REVIEW: Where the Wild Things Are

29 10 2009

Wild ThingsLet me start off by addressing the chief complaint with “Where the Wild Things Are“: I am sick and tired of hearing people talk about how it is not a kids movie.  It is.  But director Spike Jonze is an auteur, not willing to follow the conventions of typical light, kiddie fare.  He has made a movie that portrays childhood with blunt and sometimes brutal honesty.  He dares to show the bleaker side of being 9 years old, desiring to be grown up but unequipped and somewhat oblivious to handle the realities of the adult world.  The reason there is such an outcry is because movies for children have been so dumbed down that childhood itself is just reduced to the fun and games.  But when a movie like “Where the Wild Things” comes along and shows the full spectrum, American families mistake it for pompous art-house fare in disguise.

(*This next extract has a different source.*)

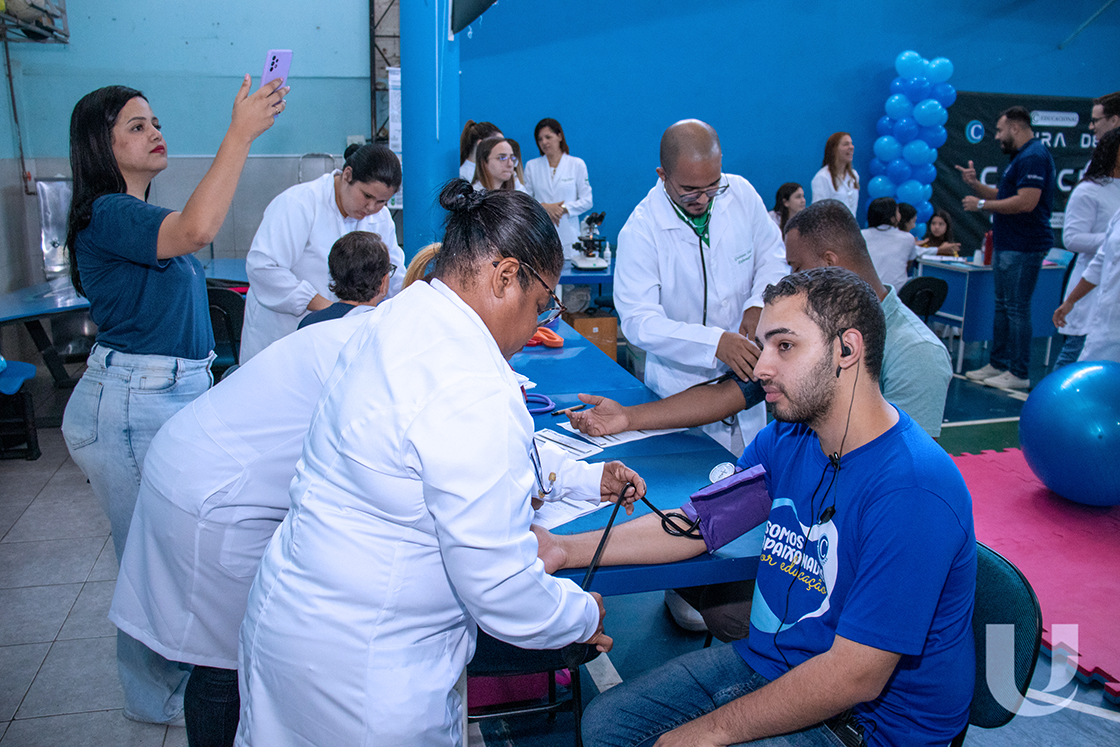 19_08_2024_Faculdade_Unilagos_participa_da_Feira_de_Profissões_no_Colégio_CEJAN_com_ações_de_saúde (9)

Writers Jonze and Dave Eggers (“Away We Go”) had all of 350 words from which to create a plot that could sustain a feature length film.  What the two spawn is nothing short of miraculous, paying the correct amount of respect to Sendak’s book while conceiving a new story that deserves to be remembered for years to come.  Rather than bore you with a plot summary that you could just as easily find on Wikipedia or Fandango, I will liken it to something that most cinephiles will recognize.  “Where the Wild Things Are” is like “The Graduate” of kids movies.  You might scoff at this comparison at first glance, but stick with me.  A boy on the cusp of two worlds is forced to confront the actualities of coming of age.  Yet this responsibility frightens him, and he reverts to the devices of immaturity associated with youth and naiveté.  Although each deals with in their own way – Benjamin Braddock with sexual affairs and Max by escaping into a place he could only imagine – both have to accept this juvenility is not a viable way to live, a revelation that occurs mainly because of the people around them.  Ultimately, he takes the steps towards entering the world which he once feared.  But the last shots of both movies suggest that with one foot in the door, they approach further only with great trepidation.